2022 Annual Meeting

Pre-Meeting Symposium

Polarization, Partisanship, and Disinformation: What Is Higher Education’s Response?

Political polarization, partisanship, and disinformation are undermining democracy around the world. The symposium will provide opportunities for campus stakeholders to discuss how higher education should respond.

  • How can higher education prepare students to be discerning consumers of information in the face of increasingly sophisticated campaigns to manipulate the truth and shape public opinion?
  • What types of curricular and cocurricular initiatives are most effective in helping students hone their information literacy and civic skills?
  • How should the higher education community respond to anti-intellectualism and assaults on truth?
  • How can higher education model and transmit the norms and values that enable civil discourse, fuel the pursuit of social justice, and sustain democracy?
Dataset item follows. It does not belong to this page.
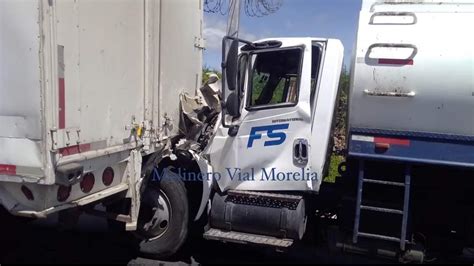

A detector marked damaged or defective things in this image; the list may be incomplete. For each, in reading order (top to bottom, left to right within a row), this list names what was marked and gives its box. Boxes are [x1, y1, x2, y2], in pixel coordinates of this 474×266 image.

damaged truck cab [201, 37, 344, 245]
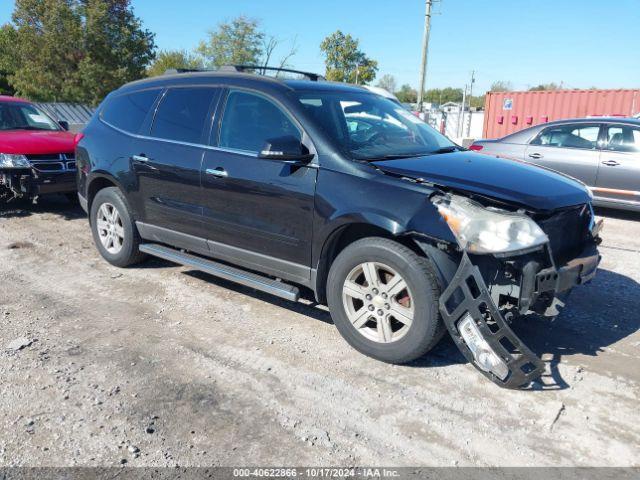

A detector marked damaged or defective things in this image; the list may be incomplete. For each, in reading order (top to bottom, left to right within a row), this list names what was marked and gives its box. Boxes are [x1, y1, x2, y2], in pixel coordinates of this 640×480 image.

This event will be held virtually. Separate registration and fee are required.

Agenda

All times are Eastern.

9:00 – 10:15 am

Opening Remarks

Opening Plenary on Academic Freedom

Individual Perspectives Followed by Q&A

Ronald Daniels, President, Johns Hopkins University; Summer Lopez, Senior Director, Free Expression Programs, PEN America; Cynthia Miller-Idriss, Professor, School of Public Affairs and School of Education, American University

Moderator: Lynn Pasquerella, AAC&U President

10:30 – 11:30 am

Second Plenary on Responding to Polarization, Partisanship, and Disinformation

Lanisa Kitchiner, Chief, African and Middle Eastern Division, Library of Congress, Paul Lannon Jr., Partner, Holland & Knight LLP and Frederick Lawrence, Secretary and CEO, Phi Beta Kappa Society

Moderator: Nancy Cable, Chancellor, University of North Carolina – Asheville

11:30 am - 1:30 pm

Lunch Break and Individual Screening of TRUST ME: How Do you Know What to Believe?

Registered participants will receive a code via email to access the online screening of this film.

1:30 – 2:30 pm

Afternoon Panel - Trends in Higher Education

William Cox Jr., Vice President of Operations & Advertising, Diverse, and Scott Jaschik, Editor, Inside Higher Ed

Moderator: Brooke Barnett, Interim Provost, Vice President for Academic Affairs and Professor, Butler University

2:30 – 3:30 pm

Afternoon Concurrent Sessions

Academic Freedom For What? Education for Democracy in Question

Academic freedom is vital to the teaching, research and public mission of our nation’s colleges and universities. As both a right and a responsibility, academic freedom is facing an array of challenges that rarely operate in a vacuum—often, other core values essential for civic education are jointly at stake. This panel will explore the interconnections between growing authoritarianism, racial inequality, and eroding democratic governance in the United States as critical to understanding the scope of threats to academic freedom and offer observations and strategies to rebuild the trust in and support for higher education necessary to educate for a stronger, more just democracy.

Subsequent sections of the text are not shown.